場所は同じだが、変化が見られたのは開催時間。2023年は13〜16時(3時間)、2024年は12〜17時(5時間)。今年は開始が遅くなり、14〜20時。その分、終了も後ろ倒しとなり、イベント全体も3年間で最も長い6時間となった。
前述したように酷暑ともいえる厳しい暑さとなった8月だったので、バイクの日イベントのスタートが12時から14時になっても暑さはしのげないと感じるかもしれない。確かに、スタート時間だけの比較ならそうかもしれないが、開催時間を通してみると屋内スペースには適度に空調が効き、陽射しを感じる時間帯でも過ごしやすく、特に日が沈んでからの時間帯はかなり過ごしやすくなっていた。

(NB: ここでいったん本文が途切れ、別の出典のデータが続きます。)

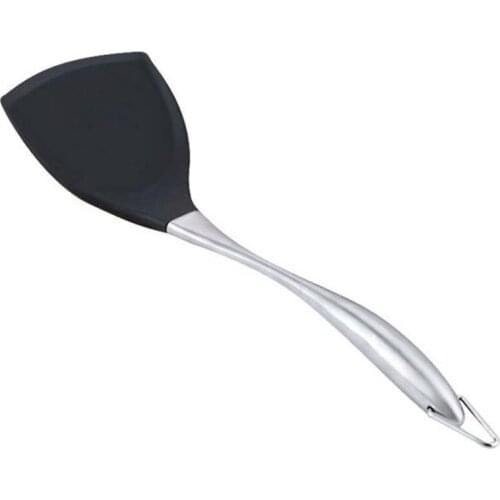 Non-Stick Silicone Cooking Spatula Stainless Steel Handle Wok Shovel Flexible Silicone Pancake Kitchen Cooking Black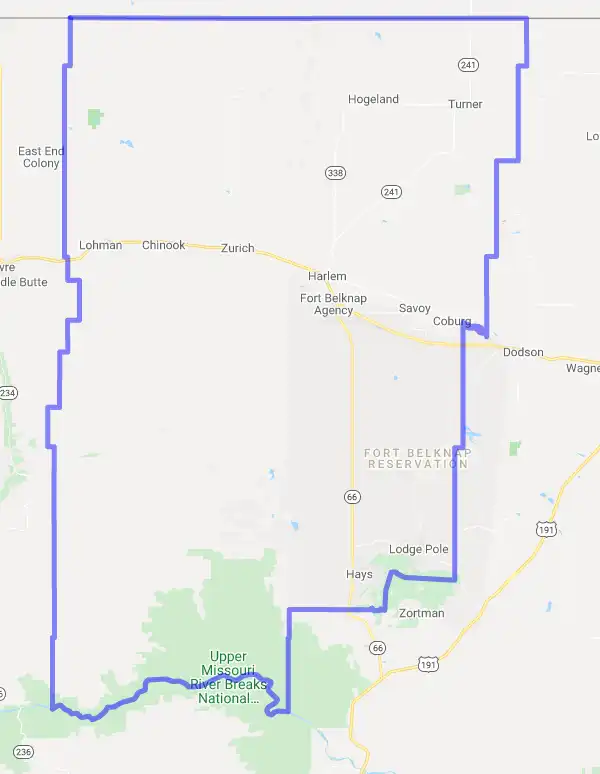 County level USDA loan eligibility boundaries for Blaine, MT
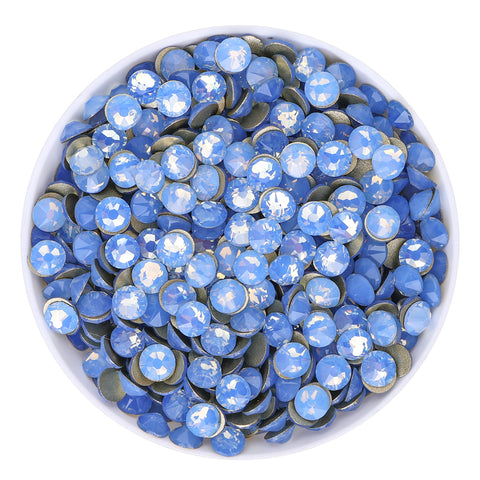 Blue Opal Glass Flat Back Glue-On Rhinestones 16 Cut Facets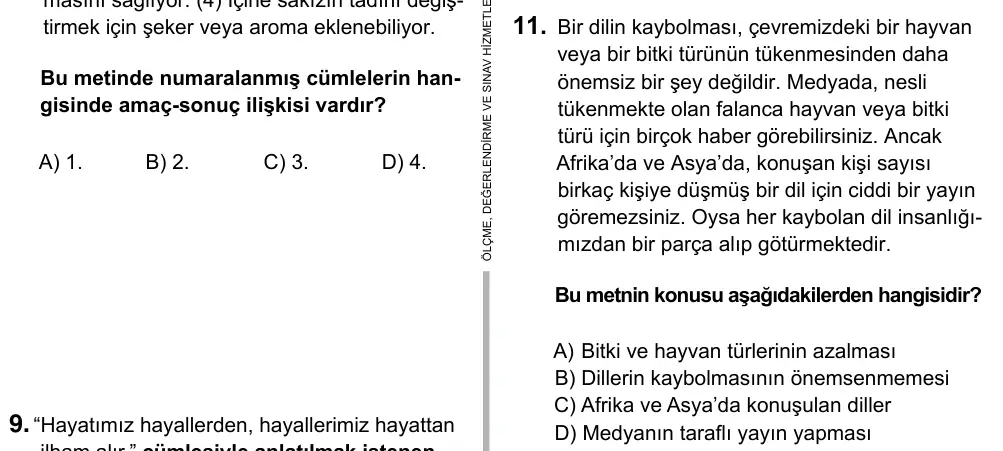 7. Sınıf Türkçe 2017 İOKBS Bursluluk Sınavı 11. Soru görseli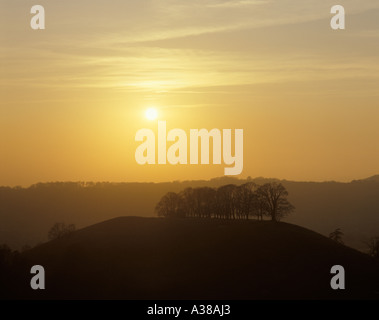 Downham Hill von Uley Bury in der Nähe der Cotswold-Dorf Uley, Gloucestershire Stockfoto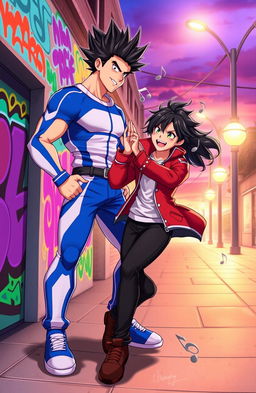 A visually striking scene featuring two characters: Dosa, a tall, athletic individual with short spiky black hair and wearing a blue and white uniform, showcasing confidence and energy; and Luka, a slightly shorter character with long wavy dark hair, dressed in a stylish red jacket and black pants, exuding charisma and charm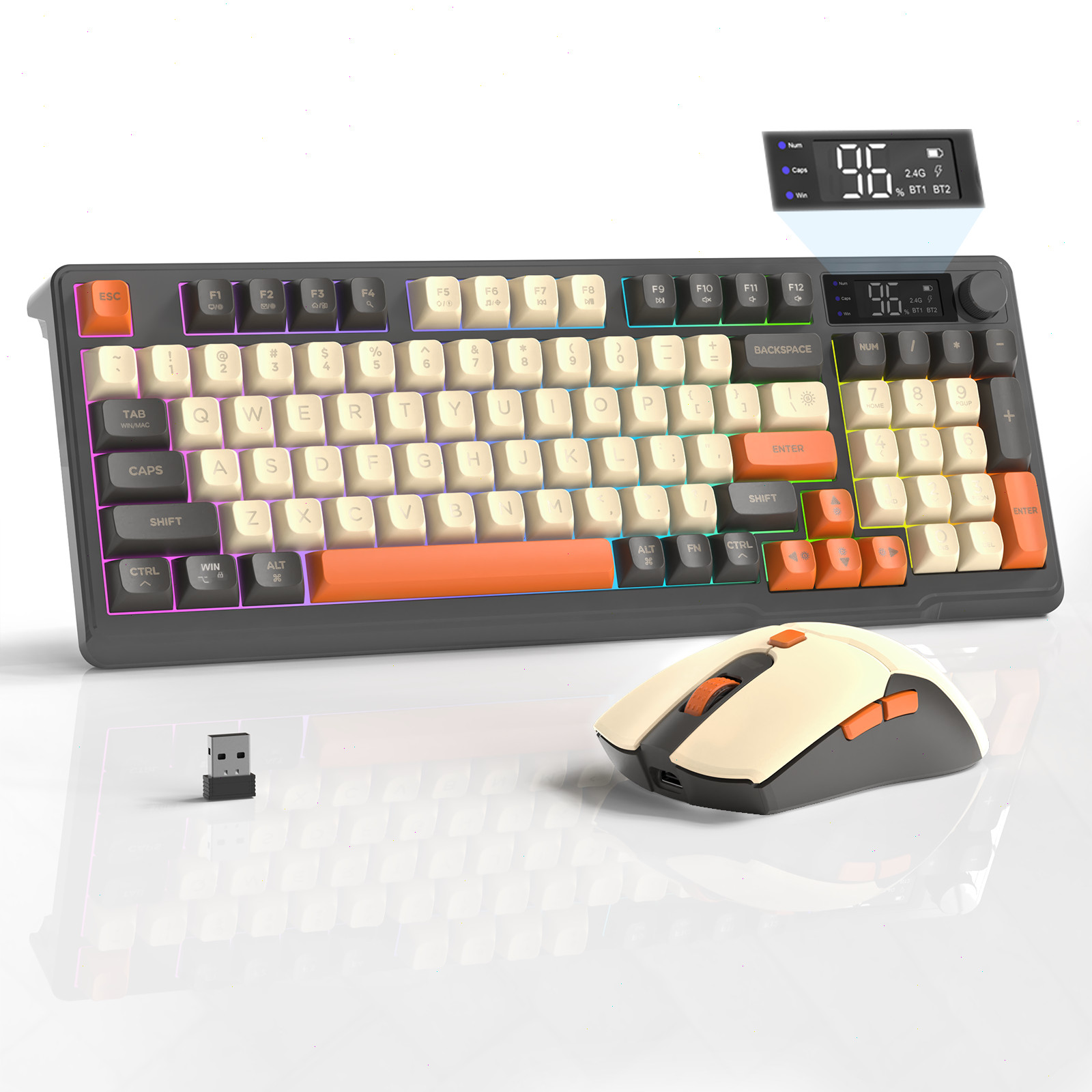 ZIYOU LANG T96 Dual‑Mode Bluetooth Keyboard Mouse Combo,PBT Tri‑Color Ball‑Shape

イベントの終了時刻が20時となったこともあり、会場には仕事帰りと思われる人の姿も見られた。ただ、アキバ・スクエアはJR秋葉原駅まで徒歩2分と近いものの、駅前立地ではないことから、通りすがりにイベントを見ていく人の数は、2022年に東京・有楽町の「有楽町駅前広場」で開催した時のほうが多かったという印象だ。
また、来場者の層も昨年とは大きく違っていた。昨年は、ミュージカルなどで活躍している人気俳優が複数出演していたので、「これは、バイクイベント?」と感じるほど若い女性が多かった。今年は、モーターサイクルショーなどのバイクイベントと同じような感じで、女性2割ほどといったところだろうか。それでも、一昔前と比べれば女性の数が増えてきているので、ゆっくりとではあるが、若い人や女性にも趣味としてのバイクが浸透してきているのが実感できる。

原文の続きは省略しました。